这边张明霞见顾岁岁没动静,以为她是忽然换地方有些害怕,顿了一下后说道:“你是不是害怕?那娘先出去,你自己慢慢吃,等会儿娘再进来收碗。”
张明霞不知道想到什么,停顿了一下又继续说道:“要是有什么事儿你就叫娘,知道了吗?”
虽然都说顾岁岁不说话,但也没人说过她不会说话!
见张明霞走了,顾岁岁微微蹙眉,让她装傻子她肯定是装不来的........不过,傻子也有先天优势。
现在就是该怎么把握中间这个程度。
至于名声,你把它当成回事,那就是捆绑你的绳索。
你把它当成屁,它也就是一股气,风一吹就散了。
再说,原主都傻了十几年,她说啥也没用,又改变不了,也堵不住别人的嘴。
顾岁岁扭头看向沉向南,另外就是这个所谓的什么冲喜,也不一定就是非要女冲男,男冲女也是不会让人觉得意外吧!
........或许可以互冲?
顾岁岁越想眼睛越亮,她挪动了几步,挪到沉向南旁边,仔细打量着这个男人。
沉向南今年二十三岁,可能是因为当兵比较早的缘故,目测他个子不矮,起码有一八五。
原本整齐的板寸因为长时间没有打理现在变得有些凌乱。
枯瘦的皮肤有些白,眉毛很浓,鼻梁也挺高,也许是因为瘦的缘故,五官看上去很立体,带着一股子骨感美,如果两颊上再长点儿肉,可能会更好看。

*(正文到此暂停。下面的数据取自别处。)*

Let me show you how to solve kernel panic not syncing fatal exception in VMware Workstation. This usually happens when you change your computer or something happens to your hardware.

沉向南放在被子外面的骼膊上包裹着一圈儿纱布,顾岁岁想了想,掀开被子,一眼就看到他的胸膛上也裹着一层厚厚的纱布。
看来,沉向南的昏迷可能不只是因为溺水,可能还跟他原来身上的伤有关。
毕竟下水救个人应该不会留有这么多外伤吧?
想到他军人的身份,顾岁岁了然,或许他在之前就已经受了伤,然后在水里碰上不会水的顾秀秀,见到救命稻草,顾秀秀指定是紧扒着不放,才发生什么意外导致昏迷。
偏那个忘恩负义的顾秀秀怕担责任,什么都没说,再加之这时候医疗设备的落后,或许查不出毛病,又或者查出来也治不了。

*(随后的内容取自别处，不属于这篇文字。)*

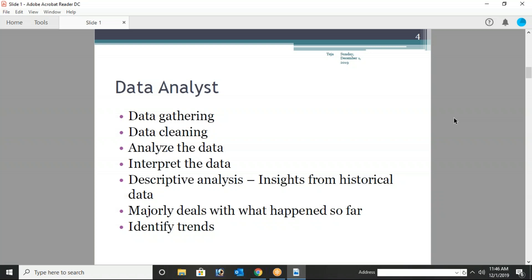Descriptive analysis deals with what happened so far, so we can identify the trends. Data analysis is mostly used to solve business problems with data. Data gathering is technically called data mining — getting data from different sources and storing it. We use tools like big data to store huge amounts of data. After that, we clean the data, analyze it using different techniques, and interpret the data.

顾岁岁将他的被子重新拉好,抬起他同样干枯的手握在手里,诚心诚意的低声念叨着。
“兄弟,我是死了两次都没死成的福气女,天上那些都是我大哥大姐,有他们帮忙,你肯定不会有事儿的。
.......你是个军人,你的父母兄弟都在等你,所以,一定要争口气赶紧醒过来........我可告诉你,要是因为你我倒了霉,我做鬼也不会放过你的。”
其实说是这么说,但顾岁岁除了为自己考虑以外,她也确实不想一个为了保家护国的军人以这种方式死去。
不管是出于对沉向南身份的尊敬还是国人对于那身绿军装特有的亲近感,她都不希望。
等顾岁岁觉得说的差不多了,她才放开手整理好衣服,又拢了拢头发,下地穿上鞋子走到门边想要推门出去。
而就在这时,院子外面忽然传来一阵陌生却又熟悉的叫喊声。
“岁岁,岁岁,你在不在这里,你别怕,姐姐来了。”
“我姐是不是在你们家,你们把她还给我们,我姐姐不嫁人,该冲喜的是顾秀秀,我要带我姐姐回家。”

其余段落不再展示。